• REQUIREMENT
Word for word, return the lines from the start of the entries below through the line that has "Astronomical events of".

........

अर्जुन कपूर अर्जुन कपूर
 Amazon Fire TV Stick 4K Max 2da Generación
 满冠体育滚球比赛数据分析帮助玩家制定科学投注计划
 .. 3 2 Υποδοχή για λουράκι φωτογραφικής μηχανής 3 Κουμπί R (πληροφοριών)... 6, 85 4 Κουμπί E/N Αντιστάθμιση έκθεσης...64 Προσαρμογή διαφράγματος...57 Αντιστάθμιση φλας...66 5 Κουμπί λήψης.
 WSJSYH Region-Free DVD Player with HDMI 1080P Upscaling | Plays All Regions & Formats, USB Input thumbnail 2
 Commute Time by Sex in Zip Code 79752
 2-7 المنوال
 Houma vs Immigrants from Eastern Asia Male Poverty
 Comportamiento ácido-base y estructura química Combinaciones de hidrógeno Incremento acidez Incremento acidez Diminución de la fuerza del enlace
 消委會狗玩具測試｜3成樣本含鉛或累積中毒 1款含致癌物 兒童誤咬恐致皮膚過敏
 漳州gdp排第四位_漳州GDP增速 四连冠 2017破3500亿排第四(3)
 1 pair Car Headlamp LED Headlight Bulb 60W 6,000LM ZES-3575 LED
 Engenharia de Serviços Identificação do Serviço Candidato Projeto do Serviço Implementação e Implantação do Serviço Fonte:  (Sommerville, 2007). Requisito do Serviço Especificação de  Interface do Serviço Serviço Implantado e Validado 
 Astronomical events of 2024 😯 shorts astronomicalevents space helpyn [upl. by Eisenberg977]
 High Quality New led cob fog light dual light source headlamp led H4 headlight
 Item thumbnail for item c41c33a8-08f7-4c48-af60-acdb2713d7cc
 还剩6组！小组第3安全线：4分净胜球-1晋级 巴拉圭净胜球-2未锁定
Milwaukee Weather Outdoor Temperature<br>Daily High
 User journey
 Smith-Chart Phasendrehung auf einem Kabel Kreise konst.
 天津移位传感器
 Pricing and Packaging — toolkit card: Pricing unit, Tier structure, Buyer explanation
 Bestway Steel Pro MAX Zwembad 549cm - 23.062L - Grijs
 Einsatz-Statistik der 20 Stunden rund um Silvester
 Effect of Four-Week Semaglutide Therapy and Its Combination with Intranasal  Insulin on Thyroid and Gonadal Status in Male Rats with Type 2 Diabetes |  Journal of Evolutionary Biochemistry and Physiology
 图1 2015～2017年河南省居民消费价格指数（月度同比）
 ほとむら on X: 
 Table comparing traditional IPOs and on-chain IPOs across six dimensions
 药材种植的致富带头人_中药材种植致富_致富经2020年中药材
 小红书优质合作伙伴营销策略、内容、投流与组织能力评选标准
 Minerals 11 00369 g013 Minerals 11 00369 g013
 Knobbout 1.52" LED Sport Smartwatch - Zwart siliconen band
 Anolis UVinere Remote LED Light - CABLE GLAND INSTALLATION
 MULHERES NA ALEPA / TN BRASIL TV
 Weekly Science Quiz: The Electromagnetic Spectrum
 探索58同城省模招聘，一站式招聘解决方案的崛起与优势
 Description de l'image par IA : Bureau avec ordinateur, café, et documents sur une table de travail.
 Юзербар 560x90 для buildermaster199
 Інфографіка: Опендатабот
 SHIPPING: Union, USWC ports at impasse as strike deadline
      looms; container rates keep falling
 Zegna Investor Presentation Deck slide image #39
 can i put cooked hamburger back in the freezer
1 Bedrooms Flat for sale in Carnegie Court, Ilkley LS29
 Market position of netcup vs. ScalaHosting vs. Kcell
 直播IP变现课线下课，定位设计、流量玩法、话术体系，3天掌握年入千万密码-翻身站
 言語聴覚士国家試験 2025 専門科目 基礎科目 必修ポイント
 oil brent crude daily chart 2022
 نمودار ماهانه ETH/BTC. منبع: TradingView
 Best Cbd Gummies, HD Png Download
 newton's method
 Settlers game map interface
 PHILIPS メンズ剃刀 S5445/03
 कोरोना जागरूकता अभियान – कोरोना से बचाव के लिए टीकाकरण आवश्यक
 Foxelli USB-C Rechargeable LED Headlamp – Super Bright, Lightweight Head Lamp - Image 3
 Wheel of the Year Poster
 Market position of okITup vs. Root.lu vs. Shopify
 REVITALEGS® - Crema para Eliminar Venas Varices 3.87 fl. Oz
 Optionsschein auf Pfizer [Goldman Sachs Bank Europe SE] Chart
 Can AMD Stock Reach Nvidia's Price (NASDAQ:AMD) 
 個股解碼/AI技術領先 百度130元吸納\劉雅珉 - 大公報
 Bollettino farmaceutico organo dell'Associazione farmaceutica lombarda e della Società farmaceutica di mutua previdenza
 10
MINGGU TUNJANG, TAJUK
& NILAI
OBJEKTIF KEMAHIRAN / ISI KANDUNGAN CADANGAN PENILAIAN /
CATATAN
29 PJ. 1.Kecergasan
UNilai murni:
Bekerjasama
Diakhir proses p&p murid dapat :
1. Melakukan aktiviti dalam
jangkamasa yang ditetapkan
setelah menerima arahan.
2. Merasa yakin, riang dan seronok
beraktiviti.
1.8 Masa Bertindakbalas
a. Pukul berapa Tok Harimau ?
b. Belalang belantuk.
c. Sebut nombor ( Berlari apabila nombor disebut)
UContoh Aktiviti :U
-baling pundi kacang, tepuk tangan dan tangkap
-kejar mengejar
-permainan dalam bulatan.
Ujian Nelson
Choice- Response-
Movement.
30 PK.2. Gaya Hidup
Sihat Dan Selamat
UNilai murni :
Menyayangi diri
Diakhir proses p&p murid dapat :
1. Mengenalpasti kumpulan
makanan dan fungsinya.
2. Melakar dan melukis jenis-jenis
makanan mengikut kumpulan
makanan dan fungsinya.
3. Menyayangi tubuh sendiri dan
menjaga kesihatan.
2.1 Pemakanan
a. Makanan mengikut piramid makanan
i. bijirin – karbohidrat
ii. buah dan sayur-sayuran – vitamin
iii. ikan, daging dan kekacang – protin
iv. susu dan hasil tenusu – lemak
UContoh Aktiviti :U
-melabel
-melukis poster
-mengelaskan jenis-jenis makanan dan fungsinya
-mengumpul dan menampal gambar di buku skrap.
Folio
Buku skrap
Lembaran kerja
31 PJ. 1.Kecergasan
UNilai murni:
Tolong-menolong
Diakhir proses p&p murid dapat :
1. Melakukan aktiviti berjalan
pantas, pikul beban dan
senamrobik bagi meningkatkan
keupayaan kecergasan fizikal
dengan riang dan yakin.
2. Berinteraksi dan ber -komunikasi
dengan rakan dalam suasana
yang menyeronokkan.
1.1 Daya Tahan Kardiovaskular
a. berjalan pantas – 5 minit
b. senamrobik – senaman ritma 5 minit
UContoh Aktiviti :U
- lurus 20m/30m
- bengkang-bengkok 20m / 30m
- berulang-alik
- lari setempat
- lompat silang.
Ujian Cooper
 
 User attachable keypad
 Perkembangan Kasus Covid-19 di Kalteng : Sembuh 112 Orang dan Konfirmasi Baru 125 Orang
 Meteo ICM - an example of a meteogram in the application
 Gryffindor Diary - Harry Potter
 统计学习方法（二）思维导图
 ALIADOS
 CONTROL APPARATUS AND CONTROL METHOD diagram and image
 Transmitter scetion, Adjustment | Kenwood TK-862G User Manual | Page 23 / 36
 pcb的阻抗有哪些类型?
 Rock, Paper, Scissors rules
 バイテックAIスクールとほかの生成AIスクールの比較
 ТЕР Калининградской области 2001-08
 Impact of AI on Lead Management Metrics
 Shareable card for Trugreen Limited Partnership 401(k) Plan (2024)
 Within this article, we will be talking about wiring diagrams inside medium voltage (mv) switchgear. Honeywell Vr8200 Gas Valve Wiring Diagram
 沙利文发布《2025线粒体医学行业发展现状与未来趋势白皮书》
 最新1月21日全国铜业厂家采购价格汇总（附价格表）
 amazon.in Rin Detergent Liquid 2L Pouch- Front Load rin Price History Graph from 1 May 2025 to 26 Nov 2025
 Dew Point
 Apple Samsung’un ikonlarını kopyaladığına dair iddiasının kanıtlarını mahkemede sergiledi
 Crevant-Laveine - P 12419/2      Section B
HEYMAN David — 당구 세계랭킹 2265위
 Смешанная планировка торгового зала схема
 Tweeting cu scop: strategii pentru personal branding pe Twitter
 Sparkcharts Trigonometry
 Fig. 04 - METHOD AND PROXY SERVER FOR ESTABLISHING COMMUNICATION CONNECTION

........

• YOUR RESPONSE
अर्जुन कपूर अर्जुन कपूर
 Amazon Fire TV Stick 4K Max 2da Generación
 满冠体育滚球比赛数据分析帮助玩家制定科学投注计划
 .. 3 2 Υποδοχή για λουράκι φωτογραφικής μηχανής 3 Κουμπί R (πληροφοριών)... 6, 85 4 Κουμπί E/N Αντιστάθμιση έκθεσης...64 Προσαρμογή διαφράγματος...57 Αντιστάθμιση φλας...66 5 Κουμπί λήψης.
 WSJSYH Region-Free DVD Player with HDMI 1080P Upscaling | Plays All Regions & Formats, USB Input thumbnail 2
 Commute Time by Sex in Zip Code 79752
 2-7 المنوال
 Houma vs Immigrants from Eastern Asia Male Poverty
 Comportamiento ácido-base y estructura química Combinaciones de hidrógeno Incremento acidez Incremento acidez Diminución de la fuerza del enlace
 消委會狗玩具測試｜3成樣本含鉛或累積中毒 1款含致癌物 兒童誤咬恐致皮膚過敏
 漳州gdp排第四位_漳州GDP增速 四连冠 2017破3500亿排第四(3)
 1 pair Car Headlamp LED Headlight Bulb 60W 6,000LM ZES-3575 LED
 Engenharia de Serviços Identificação do Serviço Candidato Projeto do Serviço Implementação e Implantação do Serviço Fonte:  (Sommerville, 2007). Requisito do Serviço Especificação de  Interface do Serviço Serviço Implantado e Validado 
 Astronomical events of 2024 😯 shorts astronomicalevents space helpyn [upl. by Eisenberg977]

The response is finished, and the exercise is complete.